> _DIRECTIONS FOR THIS TASK_: Without including pictures, set down every record exactly as it stands.

> _GIVEN DATA_:
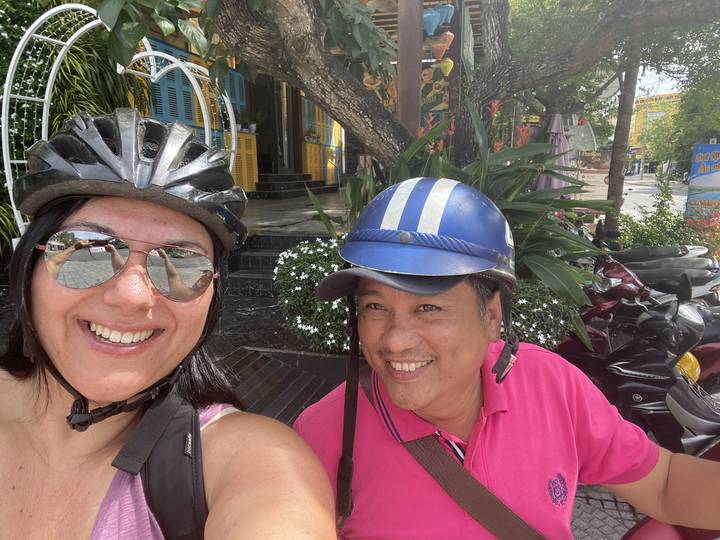 Two people wearing helmets, smiling with a street in the background.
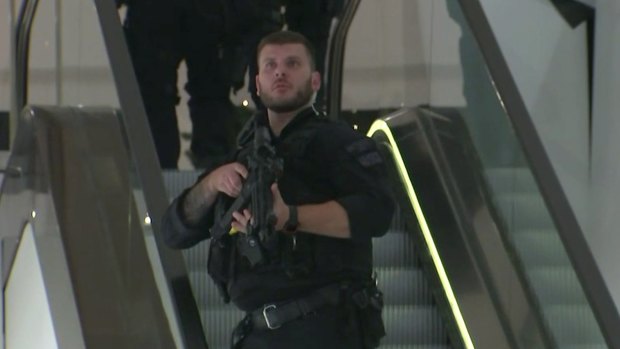 An armed police officer patrols a department store near to Oxford Street in London on Friday night.
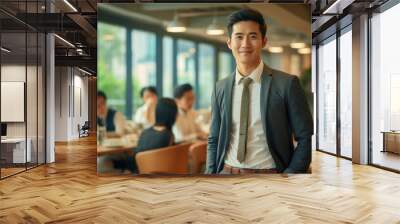 Asian young male happy smiling professional business, happy confident positive female entrepreneur in office business co-working, looking at camera. Wall mural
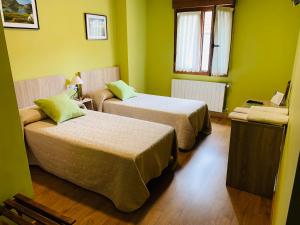 2 camas en una habitación con paredes verdes en Hostal La Serna, en Potes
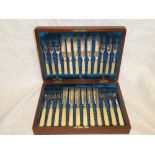 A set of six silver plated tea knives and forks with ivorine handles and a set of six matching fish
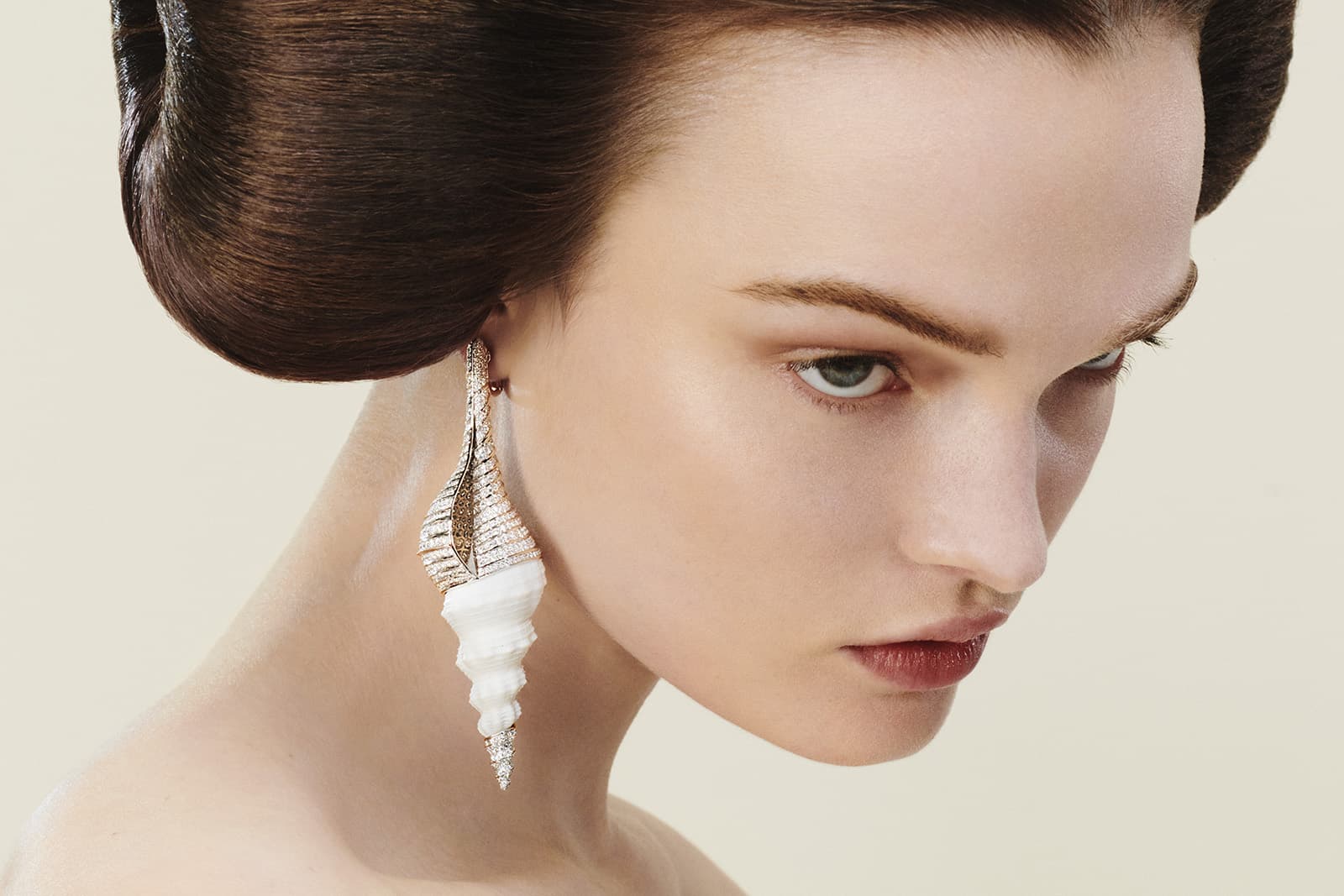 Boucheron natural shell Fusinus Colus, mother-of-pearl, diamond and white gold Coquillage Diamant earrings from the Carte Blanche Ailleurs High Jewellery collection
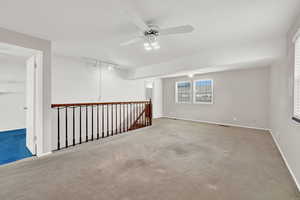 Carpeted empty room featuring track lighting and ceiling fan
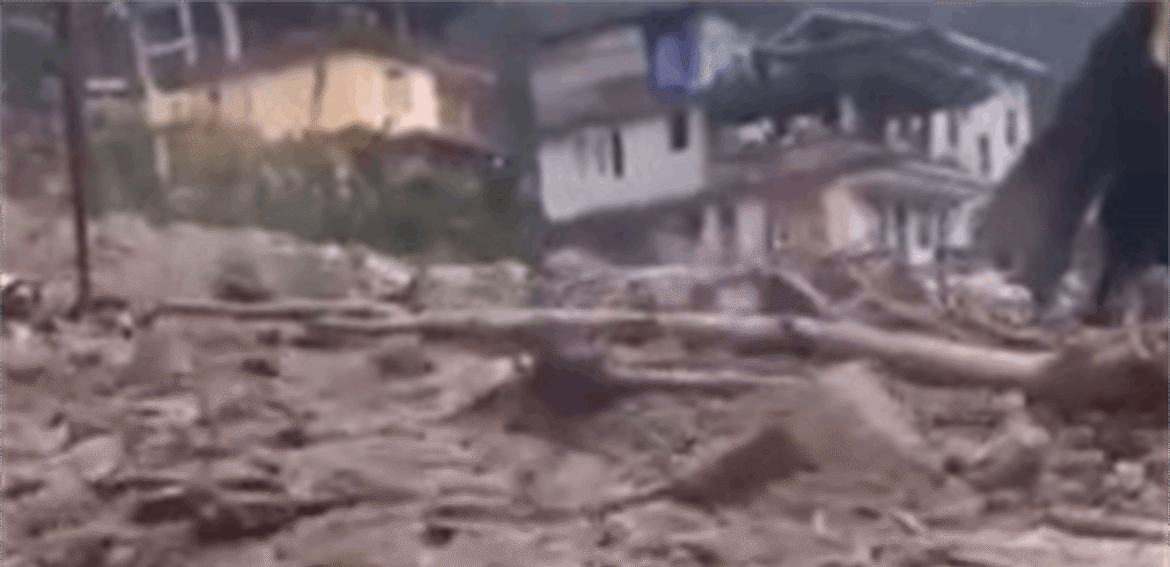Rubble-strewn street with collapsed and damaged houses in the background after a disaster; a dark figure stands on the right among debris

> _REPLY_:
 Two people wearing helmets, smiling with a street in the background.
 An armed police officer patrols a department store near to Oxford Street in London on Friday night.
 Asian young male happy smiling professional business, happy confident positive female entrepreneur in office business co-working, looking at camera. Wall mural
 2 camas en una habitación con paredes verdes en Hostal La Serna, en Potes
 A set of six silver plated tea knives and forks with ivorine handles and a set of six matching fish
 Boucheron natural shell Fusinus Colus, mother-of-pearl, diamond and white gold Coquillage Diamant earrings from the Carte Blanche Ailleurs High Jewellery collection
 Carpeted empty room featuring track lighting and ceiling fan
Rubble-strewn street with collapsed and damaged houses in the background after a disaster; a dark figure stands on the right among debris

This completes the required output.